Ok, so I bought a compression tester at a pawn shop the other day and just got around to checkin the N this evening. I've never done one before, but it looked pretty simple from the instructions I got off the internet. I left the fuel off and took the plugs out, disconnected the link to the governor and propped the carb wide open. I had the battery on the charger for a couple hours to get it ready, but either I fried it or its bad cause it was still pretty weak, so I hooked it up with the truck and jumper cables. My results were cyl 1 20lb cyl 2 30lb cyl 3 20lb cyl 4 75lb. Now like I said this was my first time doin this, but I don't think this sounds right. The battery was weak, and I know that I need a good battery for this but it turned over at least 3 times on each cyl. Last week when I mowed the tractor did seem a little under powered, but would it even pull its own weight with compression that low? With a 5ft bush hog I mowed about an acre and a half of tall grass in 1st gear at near full throttle. There were several spots when I had to disengage the pto and back up a little and start again.

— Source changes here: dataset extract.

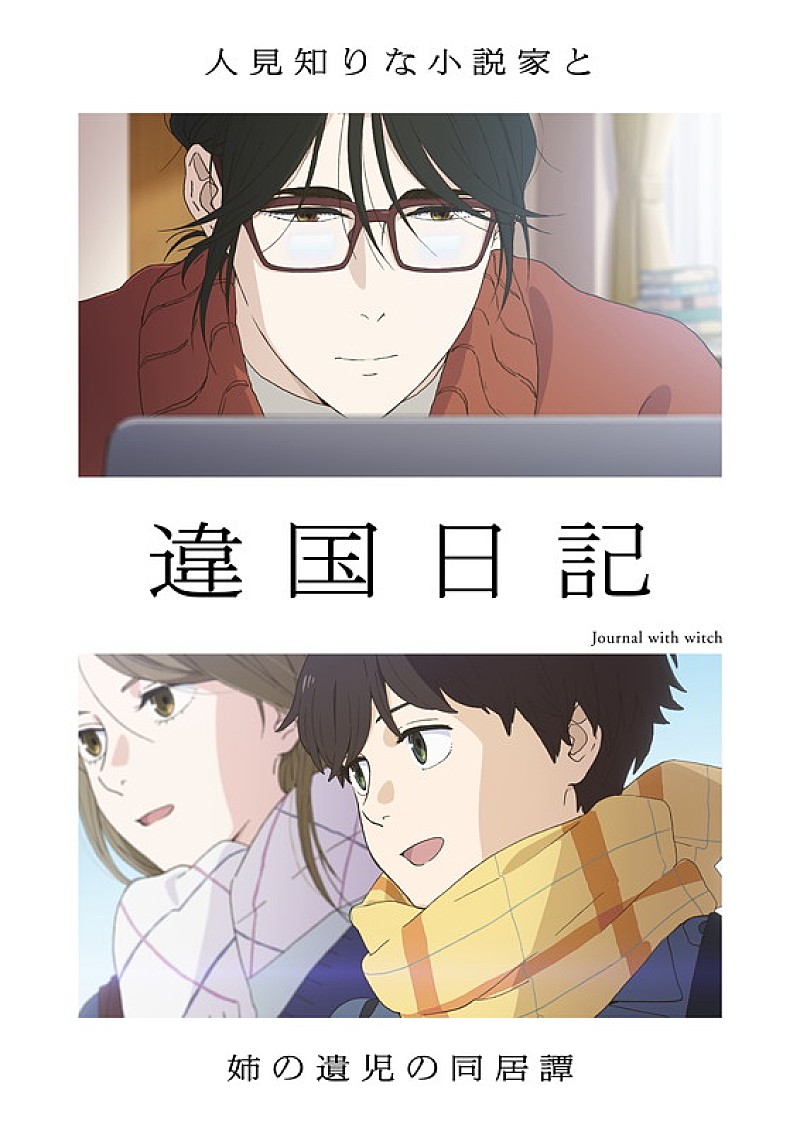 「TVアニメ『違国日記』
（C）ヤマシタトモコ・祥伝社／アニメ「違国日記」製作委員会」2枚目/2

Anyways, I would like to hear from anyone who knows nething about this, and what I need to rebuild to correct the problem if my numbers are right. oh, and my starter smokes when I start it up, do I need to rebuild the starter too?


----------



## Tim Rollins (May 22, 2010)

Oh yeah, 1950 Ford 8n side distributor. Might need that info


----------



## Freebird01 (May 3, 2010)

these are not high compression engines but i would think that with that low of numbers it shouldnt even run.


----------